O amor corresponde a uma busca de completude. Todos nós, desde o início da
vida, temos a sensação de sermos incompletos. Parece que só nos sentimos inteiros
e em paz quando estamos com o nosso eleito. Assim, é óbvio que nosso primeiro
amor é nossa mãe, e todos os outros objetos de amor que venhamos a ter ao longo
das nossas vidas serão substitutos dela.
As crianças são extremamente dependentes de suas mães, com as quais têm a
sensação de estarem fundidas. Sentem-se inseguras quando estão longe delas e
vivem atormentadas pelo pesadelo de que ela poderá abandona-las ou morrer.
Quando refletimos sobre as relações amorosas entre adultos, percebemos que o modo
como se unem é muito semelhante ao sentimento que liga uma criança à sua mãe. A
grande verdade é que os ingredientes negativos relacionados ao ciúme também se
manifestam de uma forma muito intensa. É por causa disso que costumamos
perceber o amor como um sentimento que acaba se opondo de modo mais ou menos
definitivo aos desejos de individualidade.
O amor adulto é uma cópia do que se passa na infância. O discurso é mais
racional, mas as reações são idênticas às das crianças. Casais apaixonados se
tratam por diminutivos infantis e gostam de receber agrados também infantis.
Esses pequenos detalhes não seriam importantes se não viessem acompanhados de
noção de que aqueles que se amam têm direitos sobre seus amados. A mãe se acha
com direitos sobre seus filhos e isso, até uma certa idade, faz sentido. Agora,
que o marido possa dizer à esposa se ela pode ou não usar determinada roupa, ir
ou não a um dado lugar, é uma ofensa aos direitos individuais.

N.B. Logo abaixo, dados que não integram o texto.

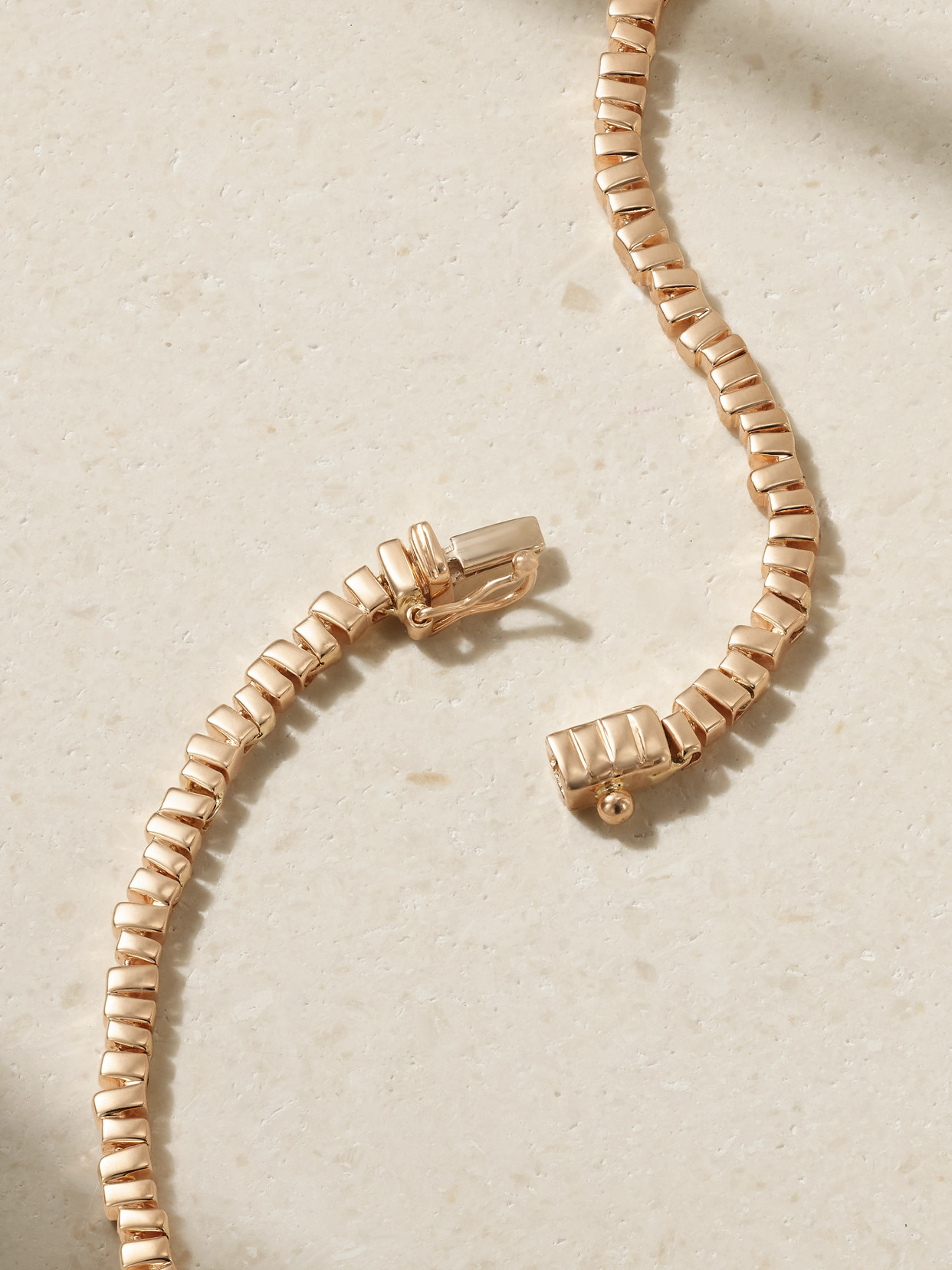 Suzanne Kalan 18-karat Rose Gold Diamond Necklace In Gold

O outro tipo de relacionamento íntimo que vivenciamos é o da amizade. Aqui, o
prazer da companhia é tão importante quanto o que existe nas relações chamadas
amorosas. A confiança recíproca e a cumplicidade costumam ser até maiores do
que as alianças encontradas entre os que se amam. Somos mais respeitosos e
menos dependentes de nossos amigos.
Qual a conclusão? Para mim, fica claro que o amor é um processo infantil que
costuma se perpetuar ao longo da nossa vida adulta. A amizade é um tipo de
aliança muito mais sofisticada porque não busca a fusão e sim a aproximação de
duas criaturas que tenham importantes afinidades e interesses em comum. Nossa
parte adulta estabelece vínculos respeitosos e ricos em intimidade, que
correspondem à amizade. Nossa parte infantil tende a estabelecer um elo único
com outra pessoa, em relação à qual passamos a ter expectativas similares
àquelas que tínhamos de nossa mãe. Não tenho dúvidas a respeito:
amizade é um processo muito mais adulto do que chamamos de amor.